There is a growing desire to keep personal data on personally controlled media. Unfortunately it is not realistic. Yes, most of people get more networked devices. But most of those devices - smartphones, tablets, laptops, - are not permanently interlinked, have limited capabilities, and cannot be considered as reliable storages. At the same time storage devices become exponentially larger and cheaper, and there are no signs of saturation. Thus privately owned devices cannot compete with large networked storage, i.e. with cloud.

The obvious solution is to keep private data in the Net but distributed (geographically and administratively to lower risks of data loss) and encrypted (to minimize risks of disclosure). This model is utilized in certain emerging p2p storage networks. But those networks rely on permanently connected computers - desktops or servers, nowadays such beasts become rare.

It worth to note than such kind of problem is not new. Communication networks - snail mail, telephone, Internet, - faced the similar requirements: they must be global, reliable and cheap to use. None of them belongs to a single organization, they consist of numerous independent service providers. Using this analogy Google and Facebook are similar to UPS and DHL - great but specific services. The common storage fabric should be formed from a lot of companies providing the same service and interoperate on a standard ground. At a certain time such service may become as common as cellular networks or broadband Internet connection.
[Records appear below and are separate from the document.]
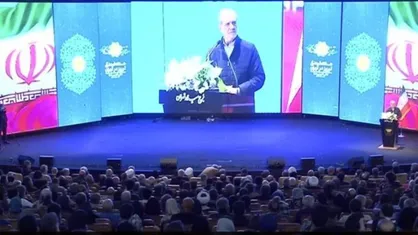 پزشکیان: با انسجام، قدرت و عزت از بحران&zwnj;ها عبور می&zwnj;کنیم/من بر عهد و پیمان خود پایبندم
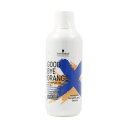 cosme select シュワルツコフ グッバイオレンジ カラーシャンプー 310g ヘアケア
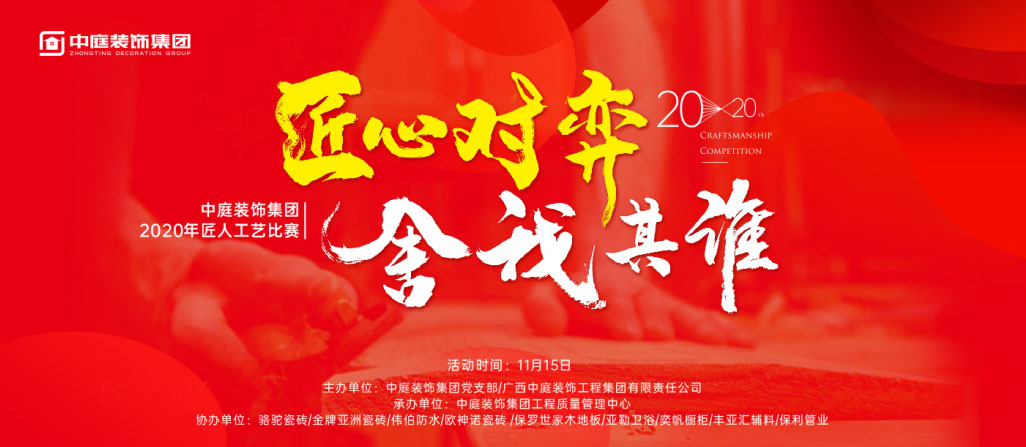 匠心對(duì)弈·舍我其誰丨中庭裝飾集團(tuán)2020年匠人工藝比賽即將開啟！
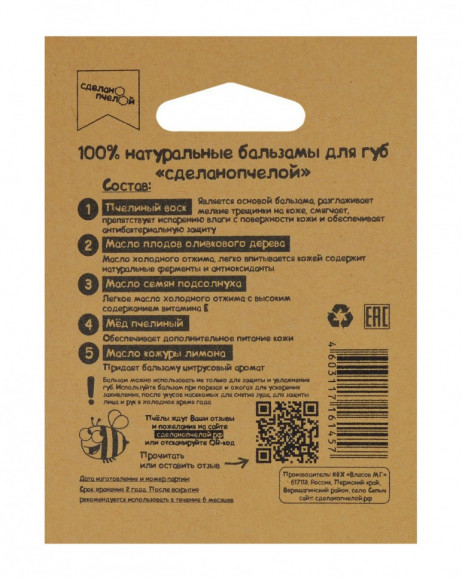 Бальзам для губ Сделано пчелой Мёд + Лимон 4,25 гр Бальзам для губ Сделано пчелой Мёд + Лимон 4,25 гр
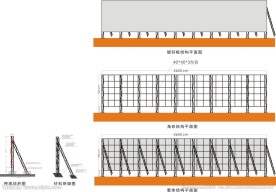 楼顶 大招牌 矢量 角铁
Of course it won’t work unless it will be profitable for the service providers. Again the communication networks model may be adopted - service endpoints collect their money from end users and then it gets distributed among all participants. Modern communication networks operators will ride the trend or data giants will overtake and acquire telecom business - it may succeed in both ways.

Last but not least the data service must be extremely convenient to use. Fortunately it is mostly a set of technical problems. E.g. the most obvious issue - assure authorised access and encryption for a user using different devices, - can be solved using security tokens or biometric technology.